My last girlfriend would also mildly complain about me playing games as a wast of time until I pointed around the room of the house I brought and said "You know videogames paid for all of this right?". That always shut her up.
Are you a streamer or what?
 

mekes

Member
My girl follows Justin Wong on IG because I told her to. And she pops her head around the door when I’m playing a game to say “hadoken hadoken.” If I don’t play anything for a while she will ask why I’m not, so I think she understands and accepts it is a genuine hobby of mine. I’ve been in more relationships with girls who get it or even own consoles than not. I think the most important thing here is that they have some good positive hobbies of their own tho. Bored anybodies generally suck (in a bad way) and sometimes depend or hope on you to provide any and all entertainment. It’s much better when those expectations are shared.
 

Tuff McNutt

Member
Online dating can be awful. If I divorced my wife, I wouldn't go that route expect for trying to get a hookup.

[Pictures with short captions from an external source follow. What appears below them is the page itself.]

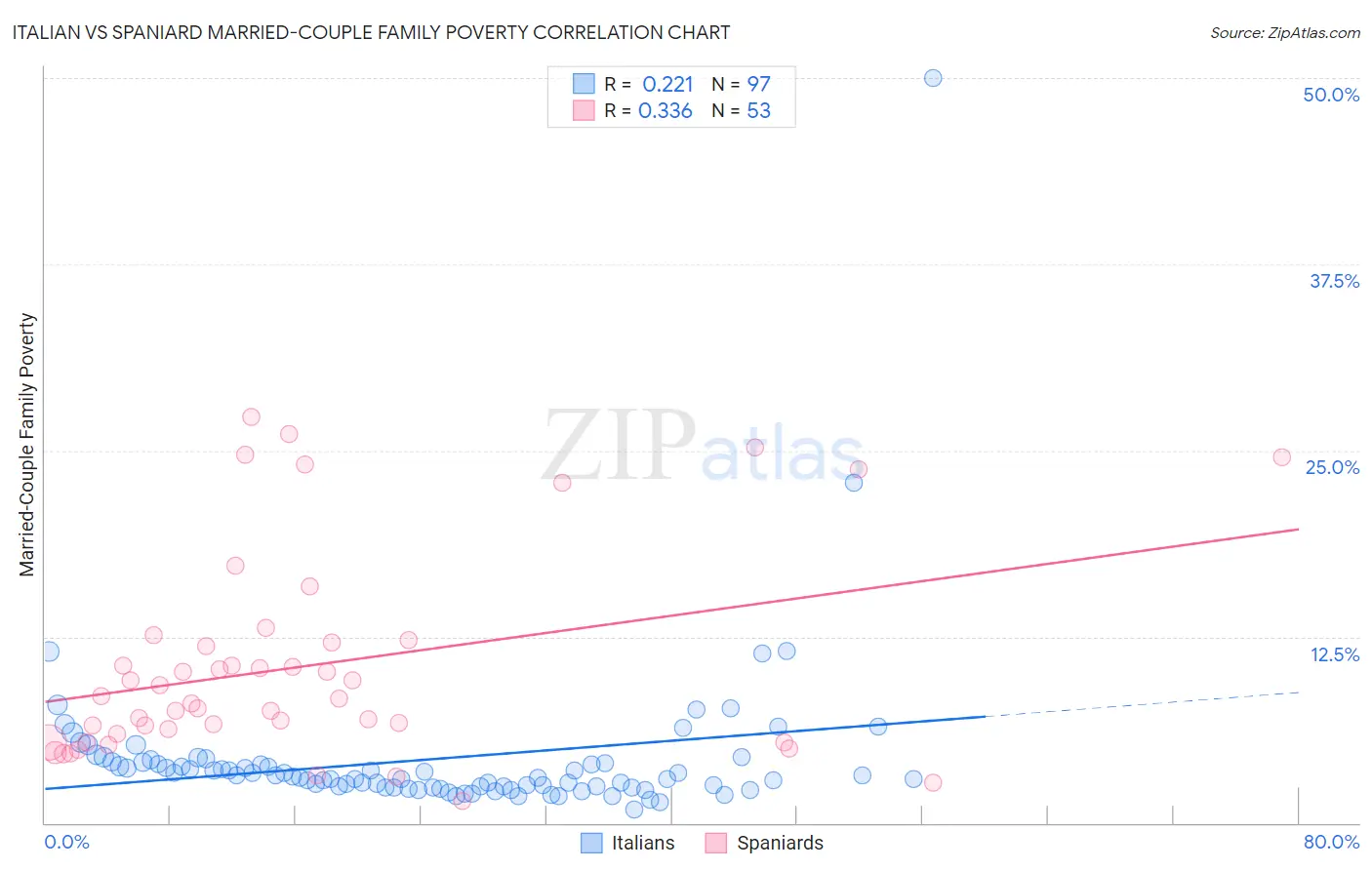 Italian vs Spaniard Married-Couple Family Poverty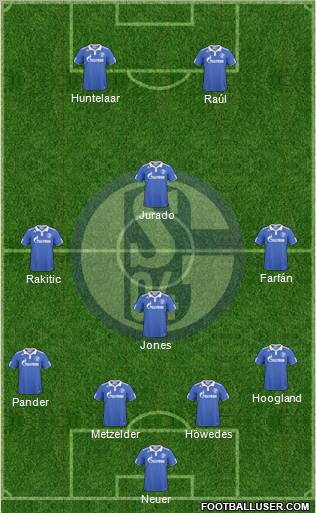 FC Schalke 04 Formation 2010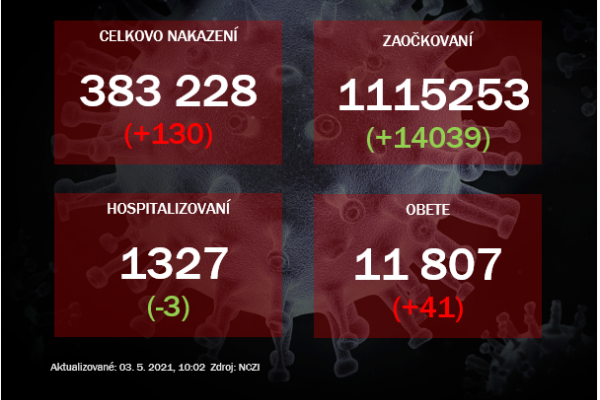 PCR testy odhalili 130 pozitívnych, pribudlo 41 obetí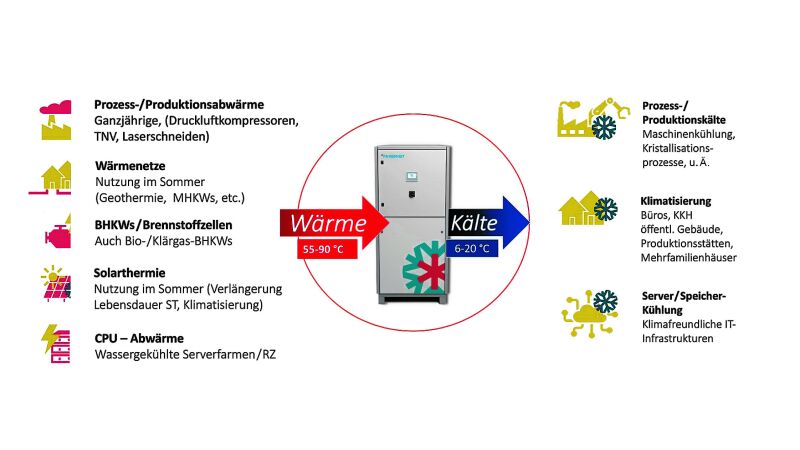 Anwendungsfelder thermischer Kühlung am Beispiel Adsorption.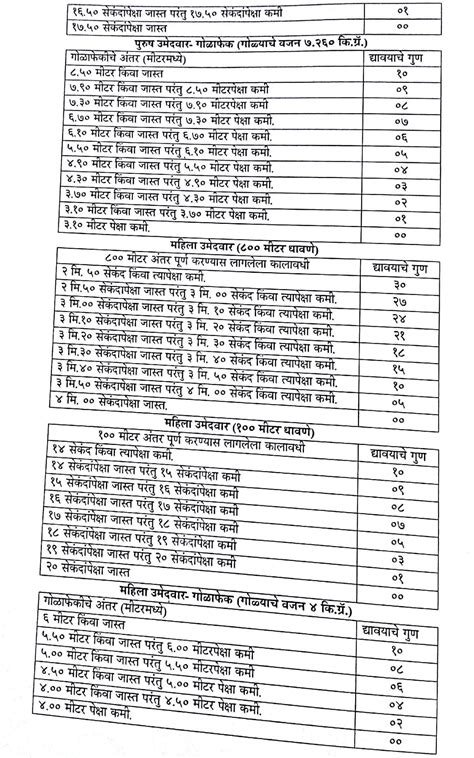 Maharashtra Police Bharti 2019 Exam Date महाराष्ट्र पोलीस भरती 2019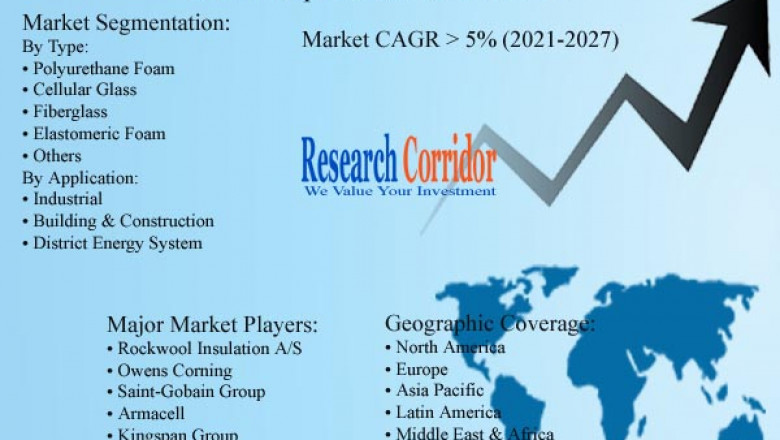 Pipe Insulation Market: Global Industry Trends, Market Size, Competitive Analysis and Forecast - 2021 – 2027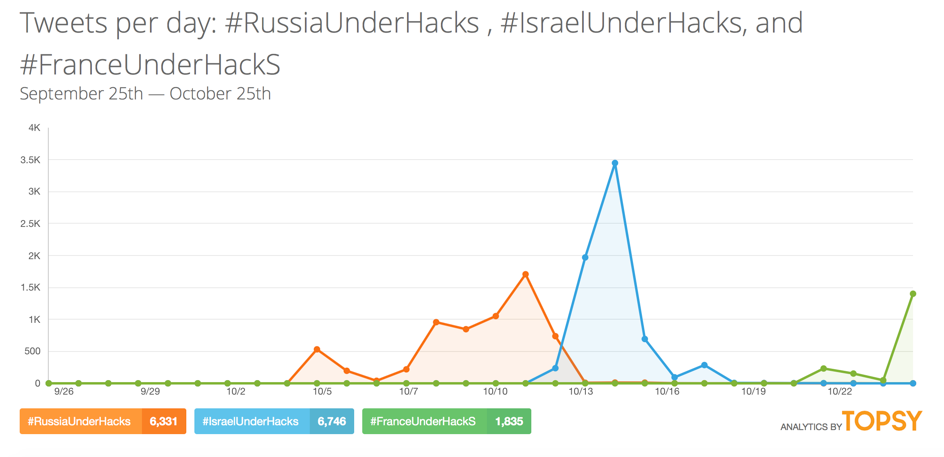 UnderHacks EI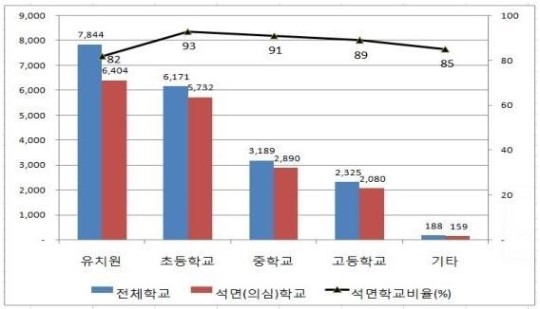 발암물질 무방비 노출, 아이들이 위험하다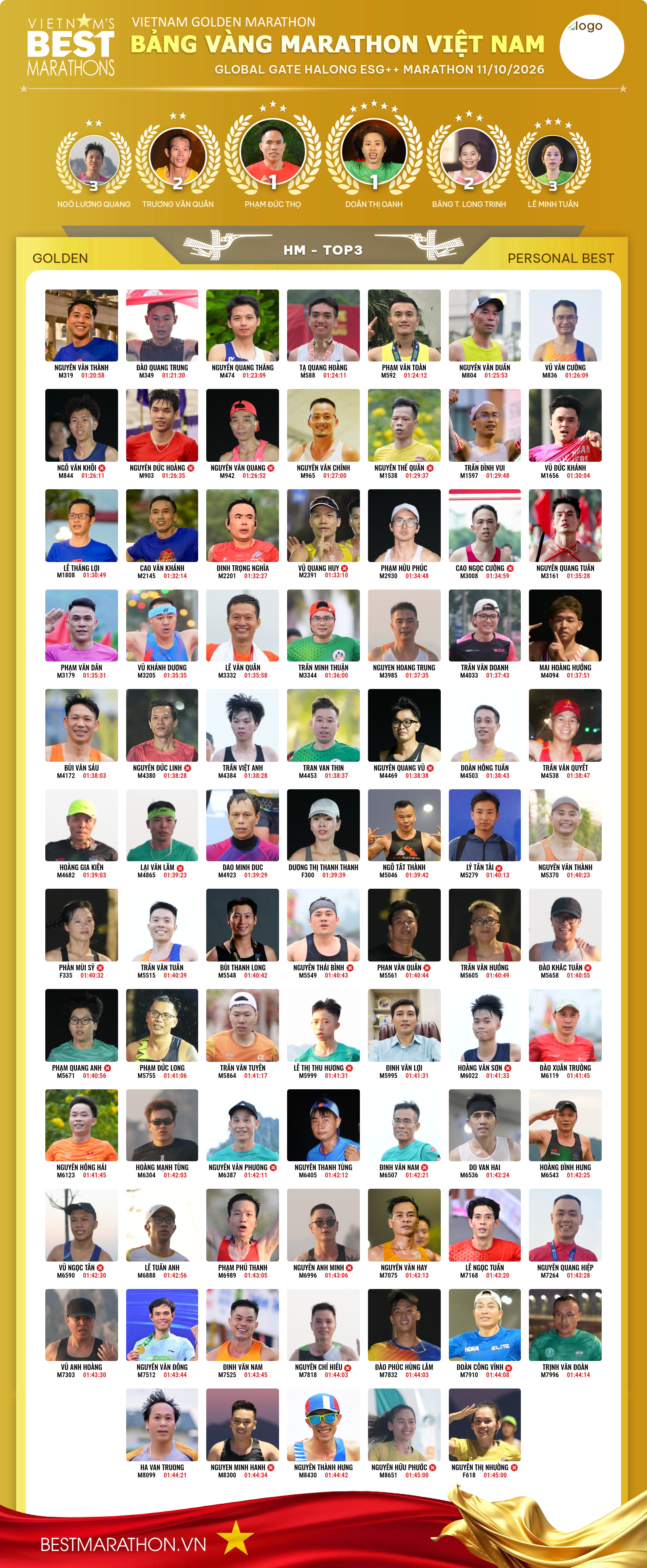 GLOBAL GATE HALONG ESG++ MARATHON 11/10/2026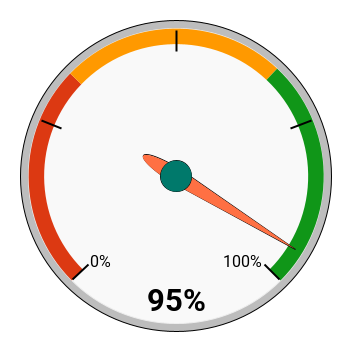 chart (96).png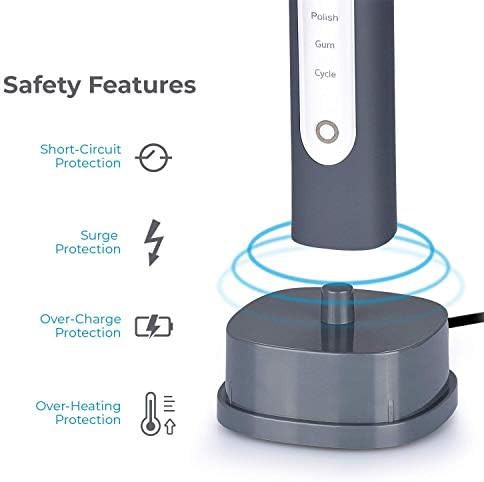 Grey sonic rechargeable toothbrush with five modes — photo 3
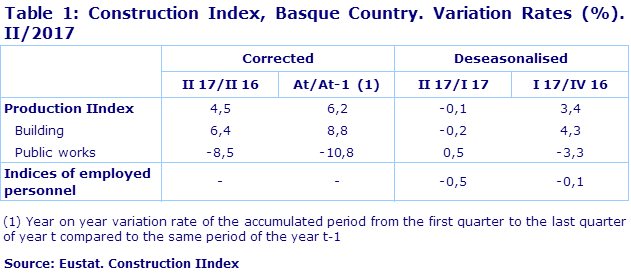 Table 1: Construction Index, Basque Country. Variation Rates (%). II/2017
Source: Eustat. Construction IIndex
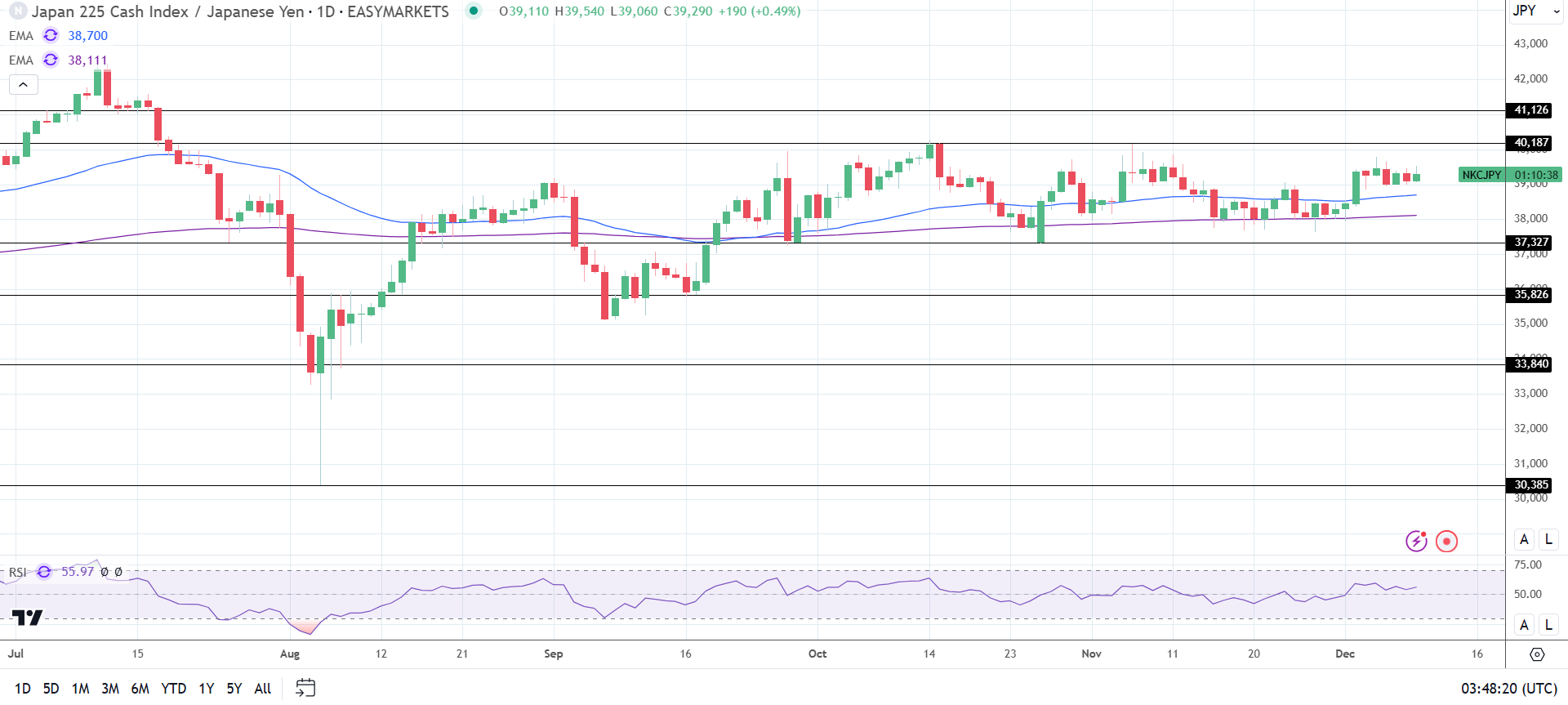 Nikkei advances on USD/JPY gains.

You have to keep in mind that OLD sites are heavily skewed in male/female ratios (it's something like 10:1) so even the less than desirable women will have tons of guys messaging them every day. So women will be extremely picky and yeah women in their 40s still think of "gamers" as shut ins who live in their parents basement.

I had a lot more success on OLD after I stopped taking it less seriously. Just get a few good pictures of yourself and write up something short and witty. Don't spend hours securitizing profiles to find the "perfect" one to message. When you do message, send something more than "hi" but don't send them your life's story either. And for god's sakes don't spend days/weeks messaging someone before you go out. If they give you lines like "I need to get to know you better" they are most likely never going to actually go out on a date.
 

Kimahri

Banned
I'm fine with worshipping my woman as a queen. As long as she worships me as a king.

Equality. You want special treatment,don't let the door hit you.

That said , I've never had problems. Girls have been fine with gaming, or interested themselves. I guess it depends who you are. If all you do in your free time is game, yeah, I can understand the woman. But if you are also able to fix shit around the house, take care of your family, and be the rock she says she doesn't need, then things will be different.
 
I'm 35, my wife is 36. We both met on EverQuest in the early 2000's as teens... stayed in touch, and eventually she came to visit me while I was at college.

Ended up with 3 kids, 2 dogs, 2 cats, and some reptiles, a decade later.

That's about all I have to add, here.

*oh, it does seem like gamers/gaming as a hobby is way more normal for the 20-somethings nowadays. Being a "nerd" is cool".